Full Moon Birth asserts that at-home and natural births are well attended and safe, with their midwives following the pregnancy from start to finish. A typical birth is measured in 40 weeks, and the prenatal care the expecting mother receives is the same whether they go to an obstetrician or a midwife. Yet, unlike a doctor who might only spend small periods of time with a patient, the midwife makes time to get to know the patient and discover what other stresses are in their life, Tomlin says. She spends at least an hour in each face-to-face appointment with her patients, discussing dietary needs or restrictions, checking their blood pressure, measuring the uterus and feeling out their general well-being. She also does home visits on the first, third and seventh day after a birth, and then again two weeks after.
“Taking time to check in, see if they have any questions and even see how their family is doing,” she says. “The relationship that I build with people is part of what makes my care so special.”
“Also, midwives know not to take ‘high risk’ pregnancies,” March says. “There’s a screening process they give to determine whether the pregnancy is healthy.”
Because of the nature of her certification, and the way the laws are written, Tomlin has several restrictions, which is another reason to be located closer to a hospital. Tomlin, who graduated from the National Midwifery Institute in 2005, cannot administer epidurals or pain medication, nor perform cesareans. However, she is fully trained and equipped to resuscitate a newborn, stop hemorrhages and other complications that may occur.
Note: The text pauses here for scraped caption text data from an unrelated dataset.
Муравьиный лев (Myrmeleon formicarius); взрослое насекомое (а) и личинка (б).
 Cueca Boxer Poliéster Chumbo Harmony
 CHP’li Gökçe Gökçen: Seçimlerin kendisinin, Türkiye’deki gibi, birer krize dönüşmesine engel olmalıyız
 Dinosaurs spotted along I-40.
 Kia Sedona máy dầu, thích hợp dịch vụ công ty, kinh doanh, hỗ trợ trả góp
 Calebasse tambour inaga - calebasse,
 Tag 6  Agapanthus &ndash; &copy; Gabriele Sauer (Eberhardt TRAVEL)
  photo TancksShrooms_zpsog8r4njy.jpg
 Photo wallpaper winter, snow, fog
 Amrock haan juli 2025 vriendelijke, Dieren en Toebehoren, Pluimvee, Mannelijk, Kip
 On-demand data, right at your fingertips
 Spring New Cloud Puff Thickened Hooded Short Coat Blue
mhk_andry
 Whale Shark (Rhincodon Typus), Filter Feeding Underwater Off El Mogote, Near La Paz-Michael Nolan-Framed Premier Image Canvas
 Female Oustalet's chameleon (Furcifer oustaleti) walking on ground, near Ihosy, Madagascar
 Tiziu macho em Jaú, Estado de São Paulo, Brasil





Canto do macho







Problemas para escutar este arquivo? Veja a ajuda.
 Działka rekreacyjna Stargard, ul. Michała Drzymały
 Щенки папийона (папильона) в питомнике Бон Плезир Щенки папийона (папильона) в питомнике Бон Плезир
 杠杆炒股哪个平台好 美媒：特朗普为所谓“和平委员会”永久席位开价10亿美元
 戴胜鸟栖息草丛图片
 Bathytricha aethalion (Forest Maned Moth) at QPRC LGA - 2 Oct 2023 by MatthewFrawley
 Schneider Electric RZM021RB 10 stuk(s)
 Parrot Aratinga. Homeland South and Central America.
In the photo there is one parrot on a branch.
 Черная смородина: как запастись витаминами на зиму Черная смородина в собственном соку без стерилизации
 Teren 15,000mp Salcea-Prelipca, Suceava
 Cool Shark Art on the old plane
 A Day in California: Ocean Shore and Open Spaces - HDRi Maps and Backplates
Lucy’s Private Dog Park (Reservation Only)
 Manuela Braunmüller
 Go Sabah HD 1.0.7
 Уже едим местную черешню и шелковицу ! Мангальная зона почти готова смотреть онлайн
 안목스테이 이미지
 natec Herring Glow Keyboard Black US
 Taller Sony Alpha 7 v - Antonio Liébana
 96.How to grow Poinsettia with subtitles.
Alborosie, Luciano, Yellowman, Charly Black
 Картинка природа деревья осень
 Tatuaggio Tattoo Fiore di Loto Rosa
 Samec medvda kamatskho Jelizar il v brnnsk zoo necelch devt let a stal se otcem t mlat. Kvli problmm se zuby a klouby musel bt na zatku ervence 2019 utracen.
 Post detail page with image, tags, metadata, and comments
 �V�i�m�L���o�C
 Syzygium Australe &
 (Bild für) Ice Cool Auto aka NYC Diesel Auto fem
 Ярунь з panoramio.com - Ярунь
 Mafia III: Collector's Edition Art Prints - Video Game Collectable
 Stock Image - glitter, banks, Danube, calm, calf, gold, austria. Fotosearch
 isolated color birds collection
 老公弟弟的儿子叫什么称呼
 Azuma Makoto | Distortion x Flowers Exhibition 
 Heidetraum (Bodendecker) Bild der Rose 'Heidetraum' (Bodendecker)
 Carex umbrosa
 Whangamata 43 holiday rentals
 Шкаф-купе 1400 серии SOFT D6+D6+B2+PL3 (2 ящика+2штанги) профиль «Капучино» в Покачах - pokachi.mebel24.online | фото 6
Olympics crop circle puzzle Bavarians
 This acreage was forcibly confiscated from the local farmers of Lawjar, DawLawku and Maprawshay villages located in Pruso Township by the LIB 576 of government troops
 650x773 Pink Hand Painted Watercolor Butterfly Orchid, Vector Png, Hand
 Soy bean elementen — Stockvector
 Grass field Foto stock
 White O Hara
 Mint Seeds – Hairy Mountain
“It’s almost never an emergency ‘right now,’” she says. “It’s more nutritional and preventative based. If the baby begins to breech, we get them to a chiropractor to see if we can fix it instead of doing a C-section.”
She estimates that of the 36-48 births a year that she administers throughout the Bay Area, about 5 percent (or two to three a year) need to be transferred to the hospital.
“It’s the spectrum of what birth could look like,” she says. “But if you start at the hospital, there are many things you can never experience.”
“The best-kept secret,” says Bowland, “is that home births are as safe as, or safer than, hospital births.”